Helmand River


The Helmand River is the longest river in Afghanistan and the primary watershed for the endorheic Sistan Basin.

Etymology

The name comes from the Avestan Haētumant, literally "dammed, having a dam", which referred to the Helmand River and the irrigated areas around it.

Geography

The Helmand River stretches for. It rises in the Hindu Kush mountains, about 40 km west of Kabul, passing north of the Unai Pass, in the eastern proximities of Hazarajat, in Behsud, Maidan Wardak, flows west to Daykundi and Uruzgan. It crosses south-west through the desert of Dashti Margo, to the Sistan marshes and the Hamun-i-Helmand lake region around Zabol at the Afghan-Iranian border. A few smaller rivers such as Tarnak and Arghandab  pour into Helmand.
This river, managed by the Helmand and Arghandab Valley Authority is used extensively for irrigation, although a buildup of mineral salts has decreased its usefulness in watering crops.
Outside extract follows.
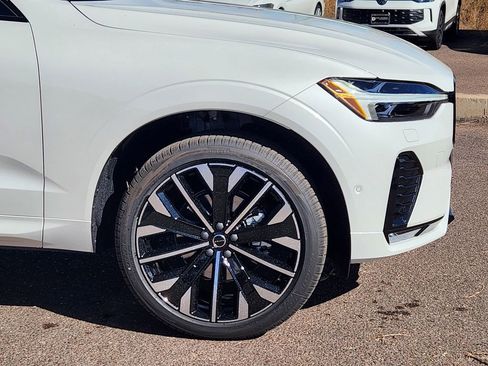 New 2026 Volvo XC60 B5 Ultra w/ Protection Package Premier image 29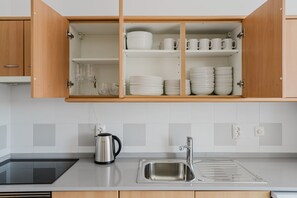 Een koelkast, een magnetron, een oven, een kookplaat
For much of its length, helmand is free of salt. Its waters are essential for farmers in Afghanistan, but it feeds into Lake Hamun and is also important to farmers in Iran's southeastern Sistan and Baluchistan province.
A number of hydroelectric dams have created artificial reservoirs on some of the Afghanistan's rivers including the Kajakai on the Helmand River. The chief tributary of the Helmand river is the Arghandab River which also has a major dam north of Kandahar.

History

The Helmand valley region is mentioned by name in the Avesta as the Aryan land of Haetumant, one of the early centres of the Zoroastrian faith in areas that are now Afghanistan. However, by the late first millennium BC and early first millennium AD, the preponderance of communities of Hindus and Buddhists in the Helmand and Kabul valleys led to Parthians referring to it as White-India.